Whether this echo of the Ars Poetica in a poem in 80.9 lends support to the notion that the poet Eumolpus' theorizing about poetry in 118 (just before he recites his poem, the Bellum Civile, 119-124.1) represents a serious statement about poetry from Petronius himself is quite another question and beyond the scope of a note such as this. I would suggest caution, however, since the Ars Poetica, closes with a memorable portrait of a mad poet, whose behavior is not too distant from that of Eumolpus and is therefore not a particularly encouraging model upon which to found a Eumolpan poetics.4

Niall W. Slater
Universität Konstanz
University of Southern California

1I give the text of K. Müller, Petronius: Satyrica (Darmstadt 1983) 3rd ed.

2The fullest collection of parallels and echoes of Horace is to be found in the edition of O. Keller and A. Holder, Q. Horati Flacci Opera, vol. II, 2nd ed. (Jena 1925), with additions thereto published by Carl Weyman under the title "Zu Lucrez, Horaz, und Martial," Bayerisches Blätter für das Gymnasial-Schulwesen 63 (1927); on AP pp. 363ff. The only other echo there noted is in Apuleius de magica. For a most illuminating conversation about Horatian reception and the older literature thereon I am indebted to Prof. Dr. P. L. Schmidt.

3R. Mayer, "Neronian Classicism," AJP 103 (1982) 305-318. It was above all the odes which fell into neglect, a fact already noted by Kiessling in his lecture, "Ueber die Aufnahme der Horazischen Oden im ersten Jarhrhundert," Verhandlungen der 27. Versammlung Deutscher Philologen und Schulmänner (Leipzig 1870) 28-33 (with some remarks on the sermones in the following discussion 34-35). Mayer notes the Neronians were the first to praise each other in comparison to their Roman predecessors ("another Tibullus") rather than Greek models, as the Augustans themselves did.
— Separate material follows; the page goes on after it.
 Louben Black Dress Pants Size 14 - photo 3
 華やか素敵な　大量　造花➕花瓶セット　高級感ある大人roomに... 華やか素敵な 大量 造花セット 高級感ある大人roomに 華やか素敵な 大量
On canons and canon formation in Rome, see J. E. G. Zetzel, "Recreating the Canon: Augustan Poetry and the Alexandrian Past," Critical Inquiry 10 (1983) 83-105.

4I treat this question at much greater length in a reader-response study of the Satyricon now in progress. This note was written while enjoying the extraordinary hospitality of the Alexander von Humboldt Stiftung and the University of Konstanz. It may be of interest to note that I was struck by this connection while visiting the Goethe House in Frankfurt. A display there showed a friend's guestbook, in which Goethe had inscribed the words, "Risum teneatis amici. Horatius."